Além disso, Haddad informou que a equipe econômica está analisando alternativas para reinstaurar o programa sem infringir a legislação fiscal que limita a concessão de novos benefícios tributários.
Soberania Digital
Haddad ressaltou que a proposta do regime especial é uma questão de “soberania digital”. Ele enfatizou a importância de atrair investimentos e a necessidade de garantir que os dados sensíveis de brasileiros sejam processados dentro do território nacional.
“Para nós, trata-se de uma questão de soberania digital. Nosso objetivo é conquistar investimentos para o Brasil. Há uma grande quantidade de dados sensíveis que são processados fora do país, mas acreditamos que esses dados deveriam ser tratados aqui”, afirmou.

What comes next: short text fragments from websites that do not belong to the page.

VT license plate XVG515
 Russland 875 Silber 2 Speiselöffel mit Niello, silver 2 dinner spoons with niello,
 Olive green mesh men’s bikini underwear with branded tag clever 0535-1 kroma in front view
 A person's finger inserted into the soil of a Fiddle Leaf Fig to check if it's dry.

Data centers são instalações responsáveis por armazenar e processar grandes volumes de informações, incluindo serviços de nuvem e sistemas de inteligência artificial. Por exigirem refrigeração contínua, também são grandes consumidores de energia elétrica.
Regime Especial de Tributação
Editada em setembro, a medida provisória do Regime Especial de Tributação para Serviços de Data Center (Redata) contemplava benefícios fiscais para empresas do setor que atendessem a determinadas contrapartidas, como as seguintes:
- Destinar ao menos 10% do processamento ao mercado interno;
- Investir 2% do valor de bens adquiridos com incentivo em pesquisa e inovação digital;
- Publicar relatórios de sustentabilidade, incluindo o Índice de Eficiência Hídrica (WUE);
- Utilizar exclusivamente fontes de energia limpa ou renovável.
A proposta tinha sido aprovada pela Câmara, mas não foi pautada no Senado a tempo de substituir a medida provisória, que perdeu sua validade.